Part IV › Chapter 11

Minimum Description Length

Rissanen’s MDL principle: the best model is the one that compresses data most. A rigorous information-theoretic foundation for Occam’s razor and model selection.

11.1 The MDL Principle

Given data \(D\) and a class of models \(\mathcal{M}\), the Minimum Description Length principle selects the model \(M^*\) that minimizes the total description length:

\[ M^* = \arg\min_{M\in\mathcal{M}}\bigl[L(M) + L(D \mid M)\bigr] \]

‣\(L(M)\): length of the model description (complexity, number of parameters)
‣\(L(D\mid M)\): length of the data given the model (goodness-of-fit, residuals)
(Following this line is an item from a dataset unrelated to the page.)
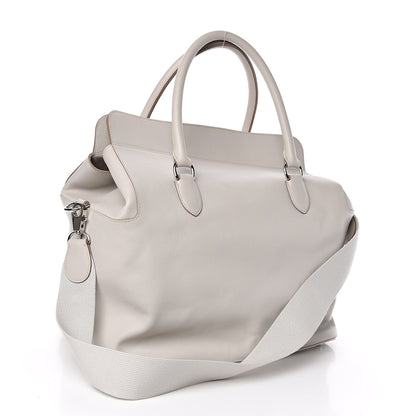 Hermes Evercolor Toolbox 33 Gris Perle 3 of 9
Simple models have short \(L(M)\) but poor fit (large \(L(D\mid M)\)). Complex models fit well but have large \(L(M)\). MDL finds the optimum — exactly Occam’s razor, quantified in bits.

11.2 Two-Part Codes

The simplest form of MDL uses a two-part code:

Encode the model: \(L(M)\) bits. For a parametric model with \(k\) parameters, Rissanen showed\(L(M) \approx \frac{k}{2}\log n\) bits (the BIC cost).
Encode the data given the model: \(L(D\mid M)\) bits. For a Gaussian noise model with variance \(\hat\sigma^2\):\(L(D\mid M) = \frac{n}{2}\log(2\pi e\hat\sigma^2)\).

For polynomial regression of degree \(d\) with \(k = d+1\) parameters:

\[ \text{MDL}(d) = \underbrace{\frac{d+1}{2}\log_2 n}_{L(M)} + \underbrace{\frac{n}{2}\log_2(2\pi e\,\hat\sigma^2)}_{L(D\mid M)} \]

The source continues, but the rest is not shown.